+++ MATERIAL PROVIDED +++

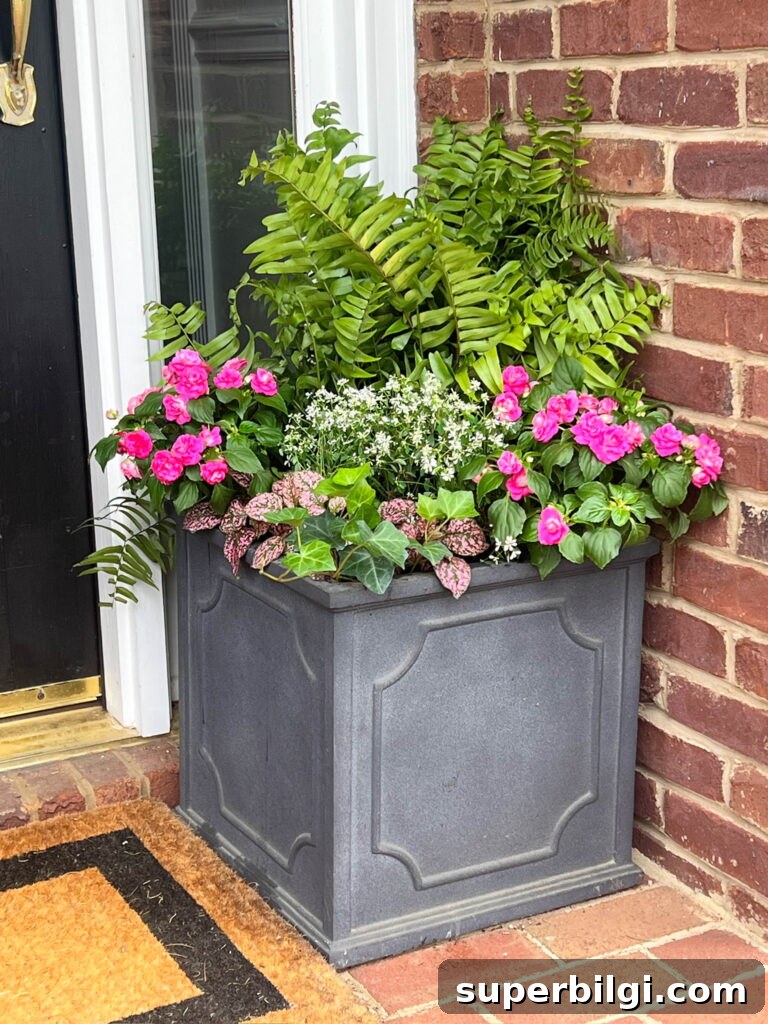 Small Porch Decorating Ideas to Maximize Style and Space 5 front porch planter with spring flowers and a macho fern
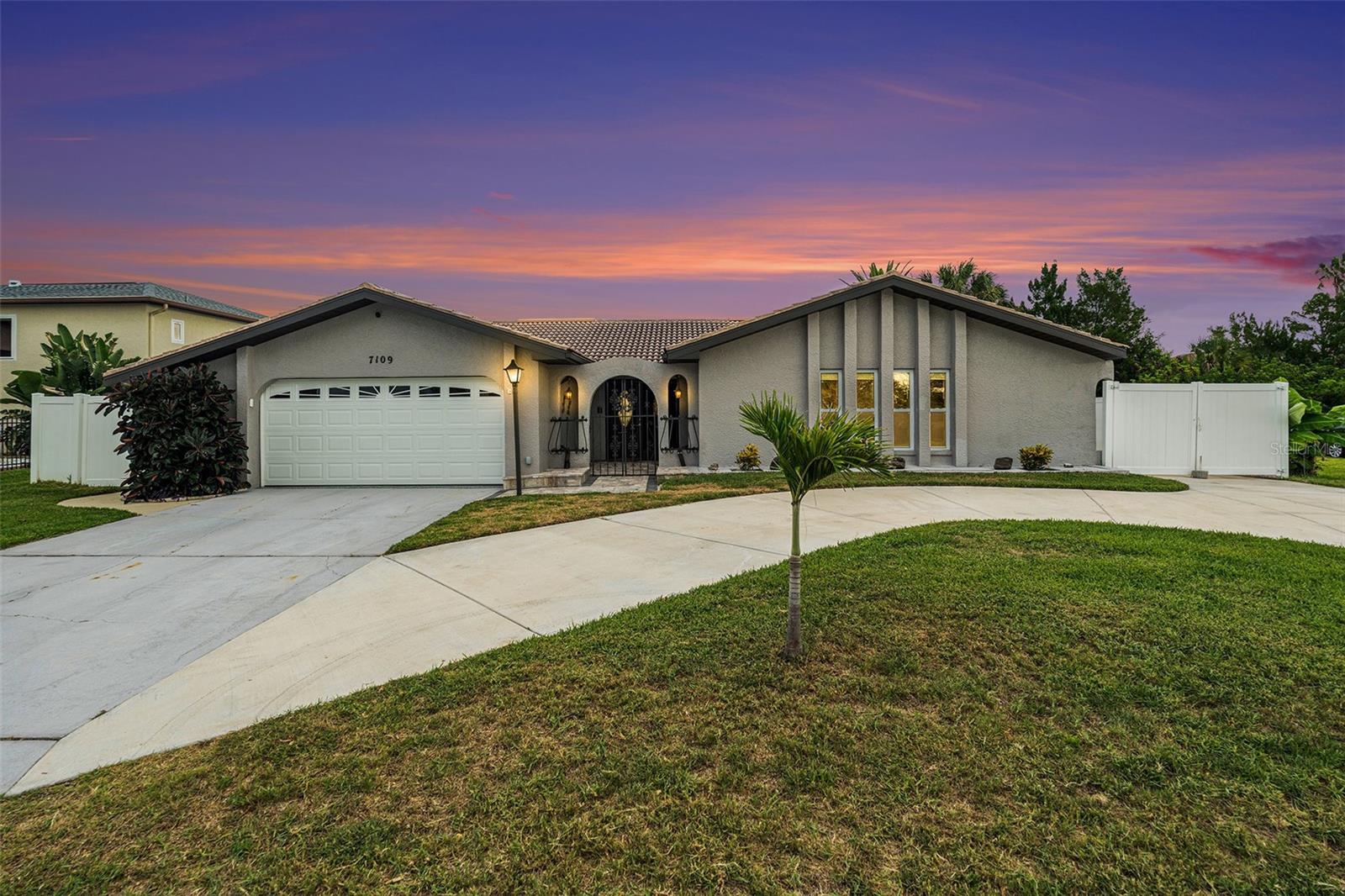 Welcome to your tropical paradise in the Sea Pines community of Hudson, a vibrant golf cart-friendly neighborhood where waterfront living meets Florida charm. This beautifully updated three-bedroom, two-bathroom pool home is situated on an extra-wide canal with direct water access, making it a dream for boaters and outdoor enthusiasts alike. Enjoy your own private dock equipped with a 10,000lb boat lift, plus an additional floating dock - perfect for launching your boat, jet ski, or kayak. The home features numerous recent upgrades including a 2024 A/C, 2025 water heater, and hurricane impact windows in most of the home, making it truly move-in ready. Curb appeal and functionality shine with a spacious circular driveway, gated parking area for up to three cars or an RV, and a newly epoxied two-car garage complete with a new door and opener. Inside, you’ll find vaulted ceilings, a cozy wood-burning fireplace, and a finished Florida room that adds 240 square feet of flexible living space. The open-concept layout includes a family room and kitchen combo, highlighted by a dry bar ideal for a coffee station or additional storage. The gourmet kitchen has been fully updated with granite countertops, stainless steel appliances, pendant lighting over the island, and plenty of cabinetry. Waterproof wood-look laminate flooring flows through the main living areas, while the bedrooms offer plush carpet with waterproof padding. The spacious primary suite features views of the pool and canal, along with a private en suite bathroom boasting a granite double vanity, newly tiled walk-in shower, and modern fixtures. The secondary bedrooms are well-sized, and the second bathroom is equally updated with granite counters, upgraded lighting, and a tiled shower with glass enclosure. Step into your private backyard oasis, complete with a screened-in in-ground pool, tropical landscaping, a pergola perfect for shaded dining, and a 4x16 shed for extra storage. The golf cart-friendly community allows you to ride to Hudson Beach with local waterfront favorites like Sam’s Beach Bar, Inn on the Gulf, The Fisherman’s Shack, and Ollie’s. Just a 5-minute ride away is SunWest Park, offering a beach and floating waterpark. A short drive takes you to Hernando Beach, and in under 25 minutes you can explore the natural beauty of Weeki Wachee Springs with its famous mermaid shows and waterslides. Combining comfort, style, and unbeatable location, this home is a rare opportunity to live the ultimate Florida lifestyle. Schedule your private showing today.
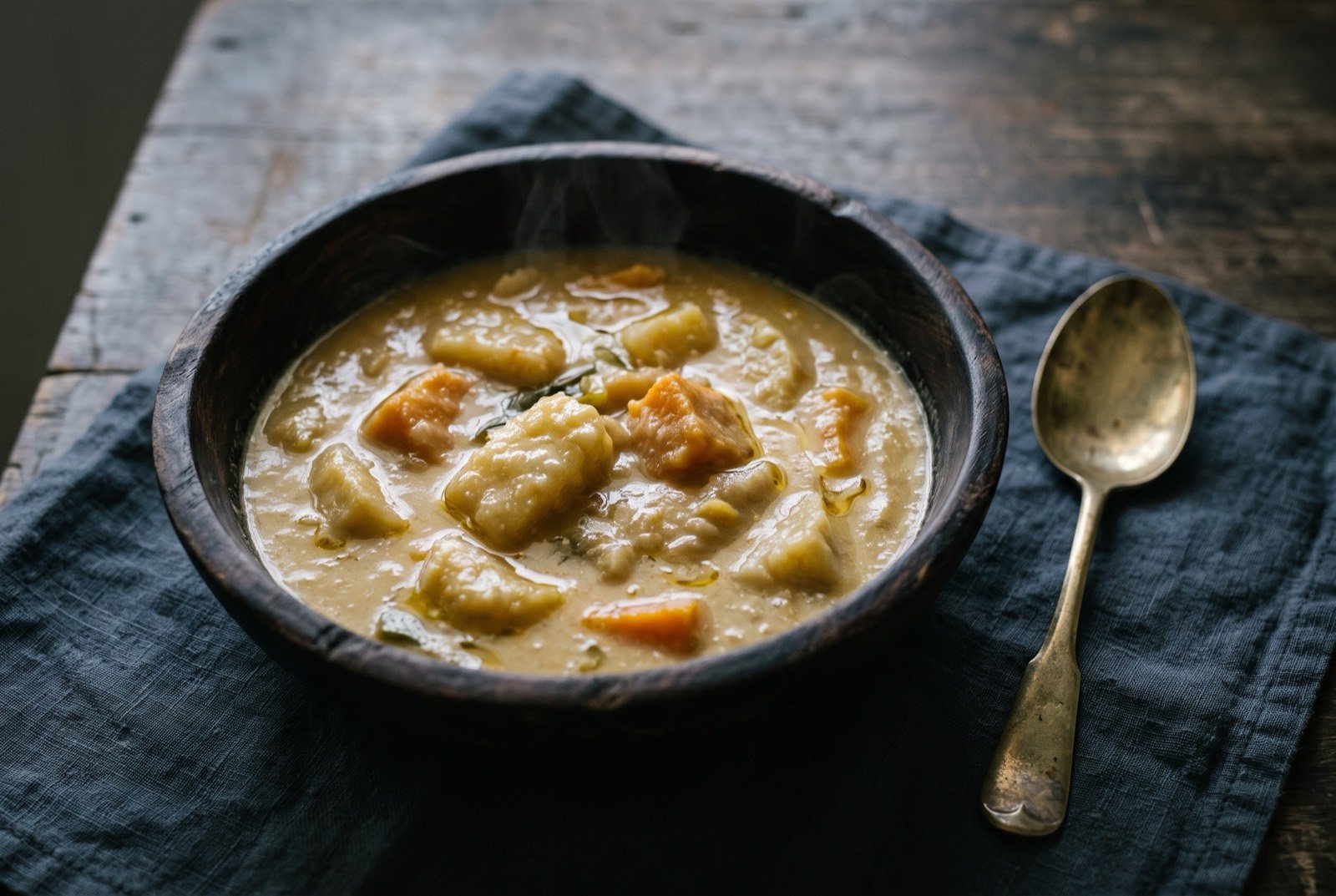 Sop sop, a Torres Strait yam stew: a thick, pale golden stew of tender yam pieces in a glossy coconut sauce, served in a dark wooden bowl, a faint sheen of oil pooling at the surface.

+++

Word for word, give the data above again, without any images.

 Small Porch Decorating Ideas to Maximize Style and Space 5 front porch planter with spring flowers and a macho fern
 Welcome to your tropical paradise in the Sea Pines community of Hudson, a vibrant golf cart-friendly neighborhood where waterfront living meets Florida charm. This beautifully updated three-bedroom, two-bathroom pool home is situated on an extra-wide canal with direct water access, making it a dream for boaters and outdoor enthusiasts alike. Enjoy your own private dock equipped with a 10,000lb boat lift, plus an additional floating dock - perfect for launching your boat, jet ski, or kayak. The home features numerous recent upgrades including a 2024 A/C, 2025 water heater, and hurricane impact windows in most of the home, making it truly move-in ready. Curb appeal and functionality shine with a spacious circular driveway, gated parking area for up to three cars or an RV, and a newly epoxied two-car garage complete with a new door and opener. Inside, you’ll find vaulted ceilings, a cozy wood-burning fireplace, and a finished Florida room that adds 240 square feet of flexible living space. The open-concept layout includes a family room and kitchen combo, highlighted by a dry bar ideal for a coffee station or additional storage. The gourmet kitchen has been fully updated with granite countertops, stainless steel appliances, pendant lighting over the island, and plenty of cabinetry. Waterproof wood-look laminate flooring flows through the main living areas, while the bedrooms offer plush carpet with waterproof padding. The spacious primary suite features views of the pool and canal, along with a private en suite bathroom boasting a granite double vanity, newly tiled walk-in shower, and modern fixtures. The secondary bedrooms are well-sized, and the second bathroom is equally updated with granite counters, upgraded lighting, and a tiled shower with glass enclosure. Step into your private backyard oasis, complete with a screened-in in-ground pool, tropical landscaping, a pergola perfect for shaded dining, and a 4x16 shed for extra storage. The golf cart-friendly community allows you to ride to Hudson Beach with local waterfront favorites like Sam’s Beach Bar, Inn on the Gulf, The Fisherman’s Shack, and Ollie’s. Just a 5-minute ride away is SunWest Park, offering a beach and floating waterpark. A short drive takes you to Hernando Beach, and in under 25 minutes you can explore the natural beauty of Weeki Wachee Springs with its famous mermaid shows and waterslides. Combining comfort, style, and unbeatable location, this home is a rare opportunity to live the ultimate Florida lifestyle. Schedule your private showing today.
 Sop sop, a Torres Strait yam stew: a thick, pale golden stew of tender yam pieces in a glossy coconut sauce, served in a dark wooden bowl, a faint sheen of oil pooling at the surface.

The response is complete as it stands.